Der Himmel dacht auf Anhalts Ruhm und Glück (Since heaven cared for Anhalt's fame and bliss), BWV 66.1, BWV 66a, is a congratulatory cantata by Johann Sebastian Bach. The work was first performed in Köthen on 10 December 1718. The music has been lost apart from a fragment, but Bach appears to have recycled some of his material in other works, allowing for the cantata's partial reconstruction.

== History ==
Bach composed the secular cantata, or serenata, in 1718 in Köthen to celebrate the twenty-fourth birthday of his employer Leopold, Prince of Anhalt-Köthen on 10 December. Bach's duties included directing a small orchestra, and his stay at
Köthen tends to be associated with instrumental compositions, but he had the opportunity to compose some vocal music as the court also employed singers, although usually on a temporary basis.

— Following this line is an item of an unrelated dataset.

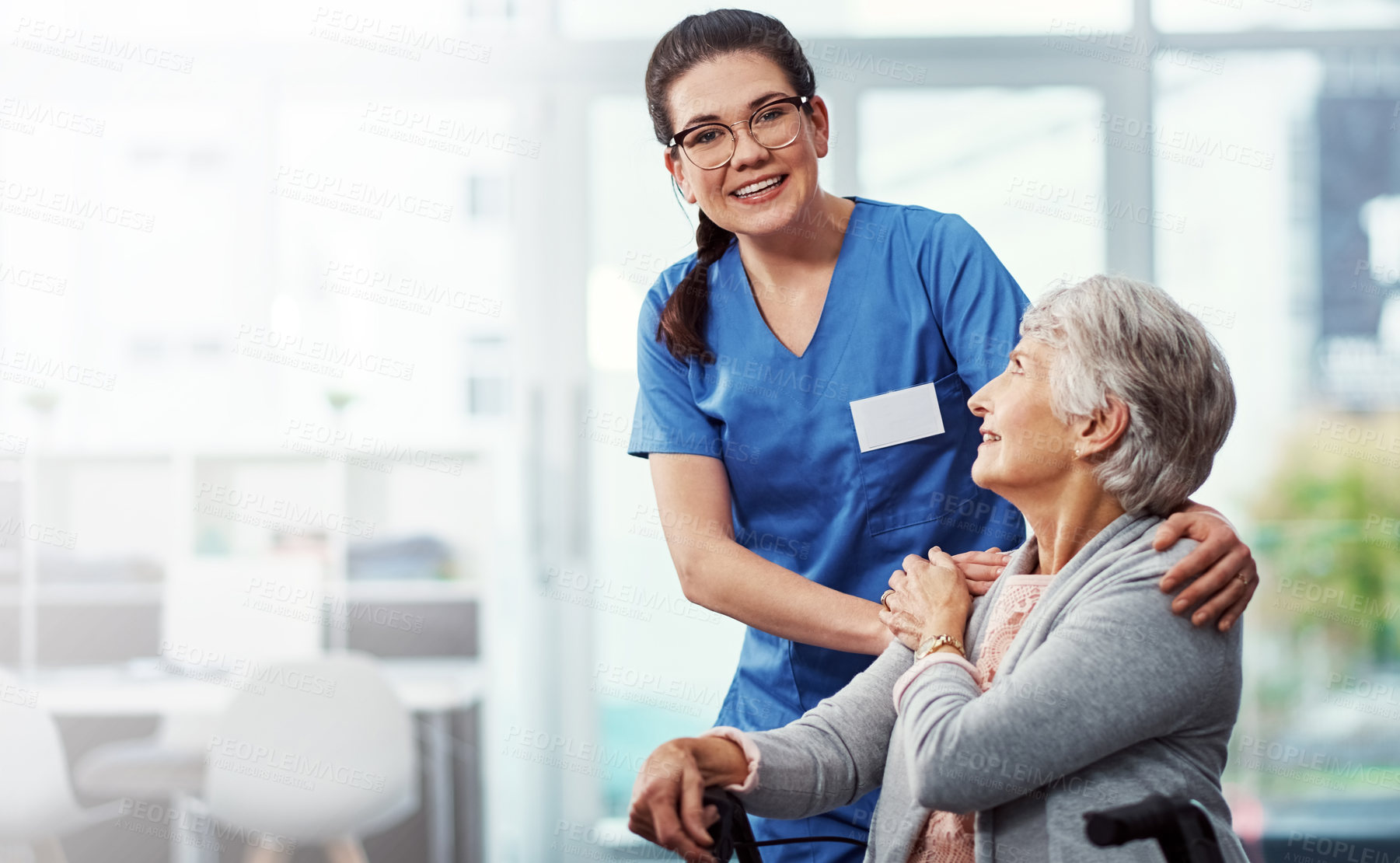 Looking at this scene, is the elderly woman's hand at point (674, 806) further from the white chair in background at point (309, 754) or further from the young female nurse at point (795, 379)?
the white chair in background at point (309, 754)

The cantata text was by Christian Friedrich Hunold, who was based at Halle about twenty-three miles from Köthen. Bach and Hunold collaborated on other cantatas, including one for the same birthday, Lobet den Herrn, alle seine Heerscharen, BWV Anh. 5.
Hunold's text was included in a collection, Auserlesene und theils noch nie gedruckte Gedichte (Selected and partly never printed poems), which he published the following year, and has thus survived. Bach's music has been lost apart from a fragment, but there is scope for its reconstruction as he recycled some of it in at least one sacred work.

Bach adapted several movements for his 1724 cantata for Easter Monday, Erfreut euch, ihr Herzen, BWV 66.2. While the structure of the sacred cantata is different (it is closed with a chorale, and it opens with music from the closing movement of the secular cantata), Bach preserved the original dialogue form in which two allegorical figures appear. For Die Glückseeligkeit Anhalts (Fortune of Anhalt) and Fama (Fame), he substituted the alto "Fear" in place of Fortune and the tenor "Hope" in place of Fame.

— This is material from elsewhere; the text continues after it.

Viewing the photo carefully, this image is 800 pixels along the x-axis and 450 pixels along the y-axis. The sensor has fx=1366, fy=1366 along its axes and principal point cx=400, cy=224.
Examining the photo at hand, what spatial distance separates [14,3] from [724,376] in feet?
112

John Eliot Gardiner has suggested that instrumental music from the lost cantata survives in another cantata from the composer's Leipzig years. The music in question, a sinfonia for strings and woodwind, is the first movement of Am Abend aber desselbigen Sabbats, BWV 42, which was first performed in 1725.

== Structure ==
The work has eight movements:
1. Recitative: Der Himmel dacht' auf Anhalts Ruhm und Glück
2. Aria: Traget ihr Lüffte den Jubel von hinnen
3. Duet recitative: Die Klugheit auf dem Thron zu sehn
4. Duet aria: Ich weiche nun; ich will der Erden sagen
5. Duet recitative: Wie weit bist du mit Anhälts Götter-Ruhm
6. Aria: Beglücktes Land von süsser Ruh und Stille!
7. Duet recitative: Nun theurer Fürst! der seinen Purpur schmücket
8. Chorus: Es strahle die Sonne

== Publication ==
Der Himmel dacht auf Anhalts Ruhm und Glück was published in the Neue Bach-Ausgabe, edited by Alfred Dürr, with a critical report 1964. The cantata was published in a critical edition of Alexander Grychtolik's reconstruction by Breitkopf & Härtel.

== Recordings ==
- Mitteldeutsche Hofmusik, Alexander Grychtolik. Ruhm und Glück (Fame and Happiness). Rondeau Production, 2012.